### COLLECTED DATA
-------------------------

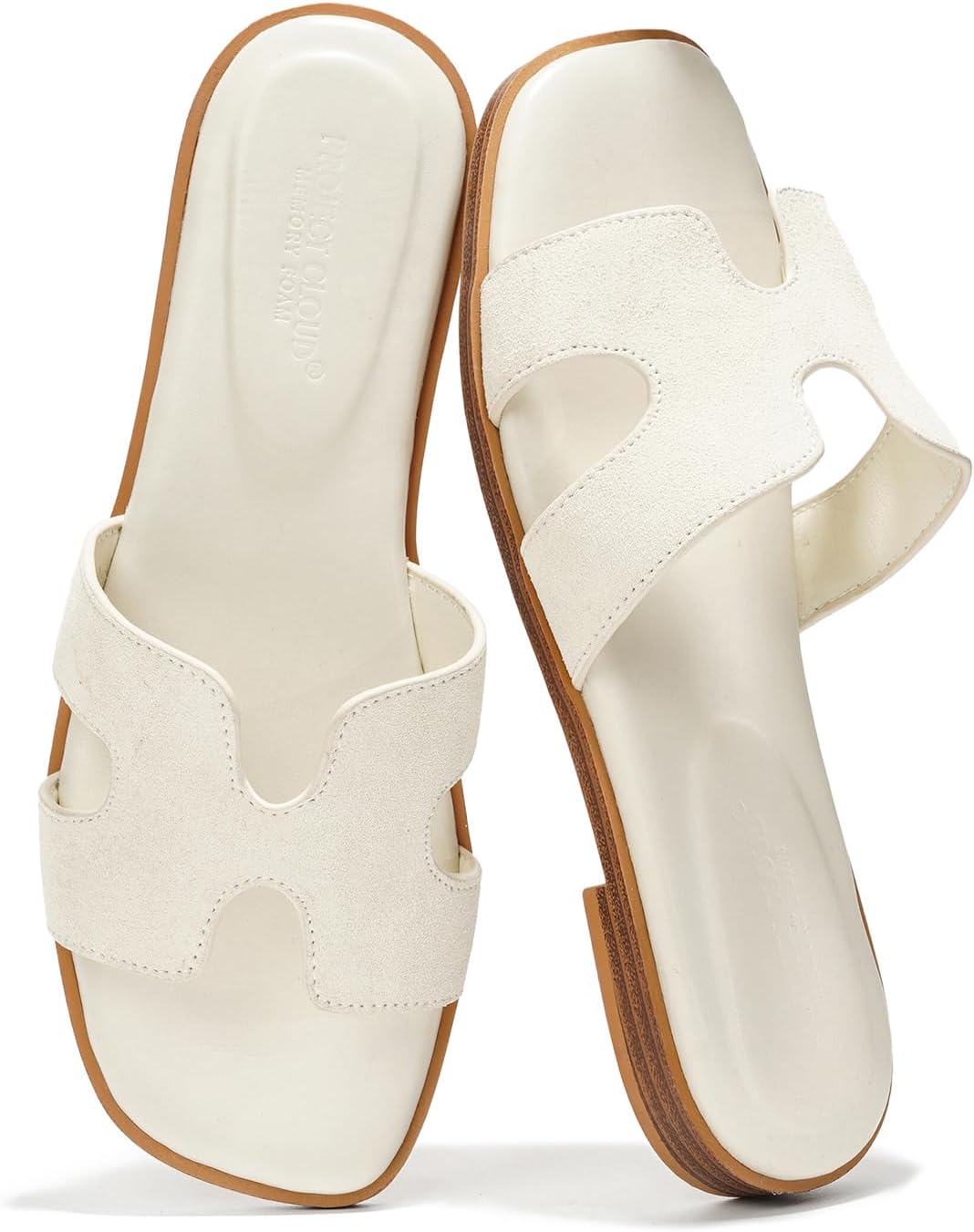 Project Cloud 100% Genuine Leather Sandals for Women 2026 - Fashion Flat Womens Sandals with Memory Foam Insole Slides Sandals Women Footwear - Mules Women's Sandals (Jannel)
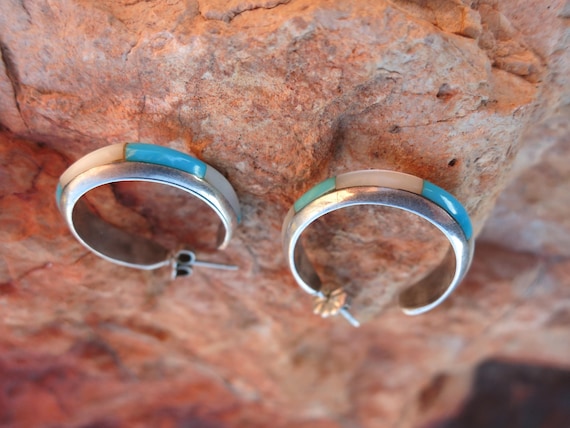 Zuni Inlay Turquoise & Mother of Pearl Hoop Earri… - image 1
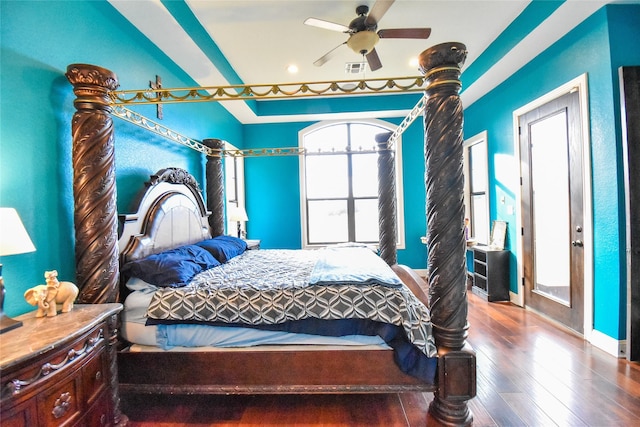 bedroom with ceiling fan and hardwood / wood-style floors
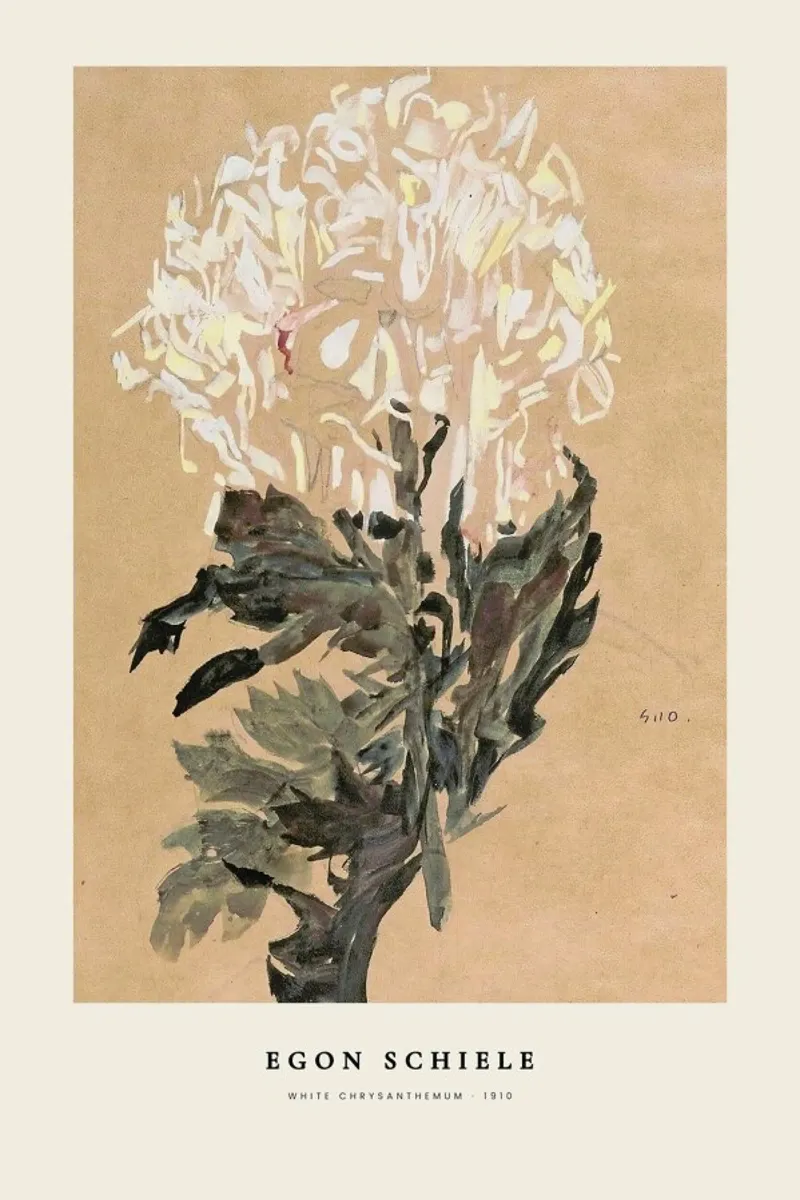 Schiele - White Chrysanthemum pellicola backlit da Vintage by JUNIQE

-------------------------

### TRY IT
Pictures are not part of the copy. Reproduce the lines from the one with "Zuni Inlay Turquoise" through the end of the listing above.

### RESULT
 Zuni Inlay Turquoise & Mother of Pearl Hoop Earri… - image 1
 bedroom with ceiling fan and hardwood / wood-style floors
 Schiele - White Chrysanthemum pellicola backlit da Vintage by JUNIQE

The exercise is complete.